According to Andrew Lewman, chief of operations at Tor, the same agencies that are trying to break Tor are also posting tips anonymously about the vulnerabilities that have been found -- giving a chance for them to be patched. Talking to the BBC Lewman said:
There are plenty of people in both organizations who can anonymously leak data to us to say -- maybe you should look here, maybe you should look at this to fix this. And they have.
It’s a story that’s somewhat reminiscent of the Edward Snowden story. The NSA worker became so disillusioned with the activities of the agency that he blew the lid off the kind of surveillance that was, and is, taking place. The heightened awareness of web users’ online visibility that followed led to an increase in the number of people taking steps to preserve their privacy. The likes of Tor have long been used to protect the identities of individuals online, and while there are countless entirely innocent users, it is often also used as a gateway to the "dark web” where rather less legal activities take place.

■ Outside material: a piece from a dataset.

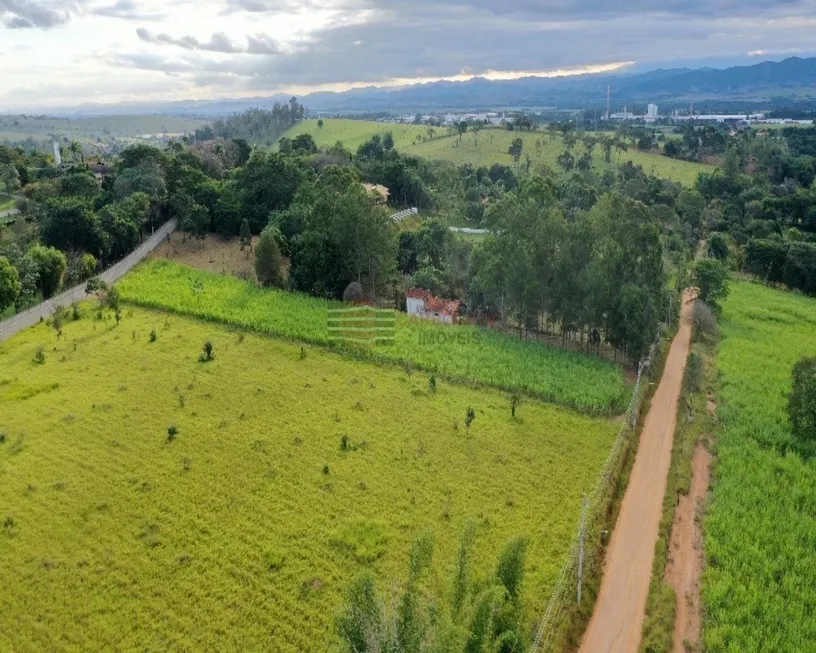 Foto 1 de Fazenda/Sítio com 40 Quartos à venda, 7000m² em Chácara Santa Rita, Caçapava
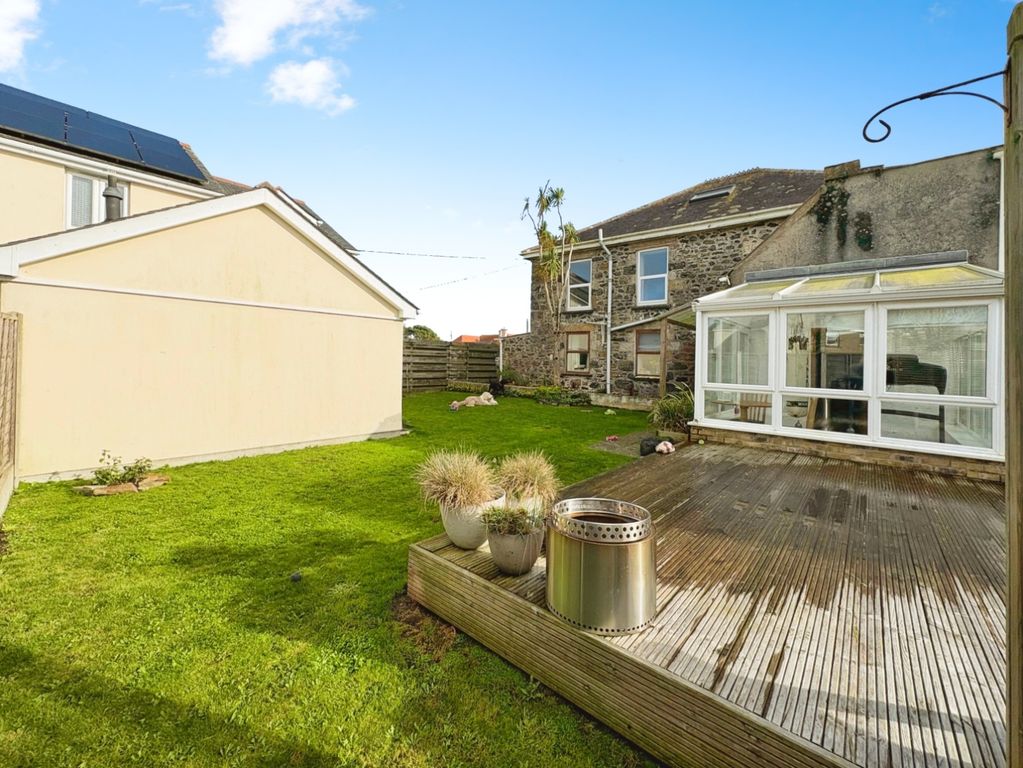 Property photo 2 of 29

It is the organized crime, paedophilia, and drug dealing that takes place on the dark web that piqued the interest of the NSA and GCHQ. Understandably keen to find a way to catch the criminals making use of the anonymizing capabilities of the network, the agencies set about trying to crack Tor so individuals of interest could be identified. But Lewman has a "hunch" that, just as was the case with Snowden, not everyone working at the agencies is happy about how it is being approached.
As such, the Tor team receives tip-offs from what he believes to be security agency workers on a just about monthly basis. Because Tor is designed to be anonymous, he cannot prove the identity of those providing hints about vulnerabilities that have been detected, but Lewman is convinced:
Obviously we are not going to ask for any details ...You have to think about the type of people who would be able to do this and have the expertise and time to read Tor source code from scratch for hours, for weeks, for months, and find and elucidate these super-subtle bugs or other things that they probably don't get to see in most commercial software … The fact that we take a completely anonymous bug report allows them to report to us safely.
Another NSA whistleblower, William Binney, has informed Lewman that the tips are probably coming because agency workers are unhappy that American citizens are being spied on by their own government. Of course, both the NSA and GCHQ have refused to comment on the suggestions, but this is yet another intriguing twist in the ever more complicated tale of online surveillance and the cat-and-mouse games that are underway.